[Records to use Boundary: Start]

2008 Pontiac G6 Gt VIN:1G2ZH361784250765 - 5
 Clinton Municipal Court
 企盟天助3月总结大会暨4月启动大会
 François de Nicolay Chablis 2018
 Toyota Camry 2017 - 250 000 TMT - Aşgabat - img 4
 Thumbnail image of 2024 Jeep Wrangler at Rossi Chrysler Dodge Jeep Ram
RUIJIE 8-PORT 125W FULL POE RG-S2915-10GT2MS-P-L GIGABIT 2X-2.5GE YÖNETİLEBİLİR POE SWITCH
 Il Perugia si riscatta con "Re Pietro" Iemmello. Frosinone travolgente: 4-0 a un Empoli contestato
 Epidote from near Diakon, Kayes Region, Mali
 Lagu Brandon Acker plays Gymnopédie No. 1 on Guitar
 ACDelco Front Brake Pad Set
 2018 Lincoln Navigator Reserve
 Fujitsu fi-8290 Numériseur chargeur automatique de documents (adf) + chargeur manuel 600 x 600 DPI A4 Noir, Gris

[Records to use Boundary: End]

> **What you should do**
What is needed is each line of the data, printed exactly.

> **Task result**
2008 Pontiac G6 Gt VIN:1G2ZH361784250765 - 5
 Clinton Municipal Court
 企盟天助3月总结大会暨4月启动大会
 François de Nicolay Chablis 2018
 Toyota Camry 2017 - 250 000 TMT - Aşgabat - img 4
 Thumbnail image of 2024 Jeep Wrangler at Rossi Chrysler Dodge Jeep Ram
RUIJIE 8-PORT 125W FULL POE RG-S2915-10GT2MS-P-L GIGABIT 2X-2.5GE YÖNETİLEBİLİR POE SWITCH
 Il Perugia si riscatta con "Re Pietro" Iemmello. Frosinone travolgente: 4-0 a un Empoli contestato
 Epidote from near Diakon, Kayes Region, Mali
 Lagu Brandon Acker plays Gymnopédie No. 1 on Guitar
 ACDelco Front Brake Pad Set
 2018 Lincoln Navigator Reserve
 Fujitsu fi-8290 Numériseur chargeur automatique de documents (adf) + chargeur manuel 600 x 600 DPI A4 Noir, Gris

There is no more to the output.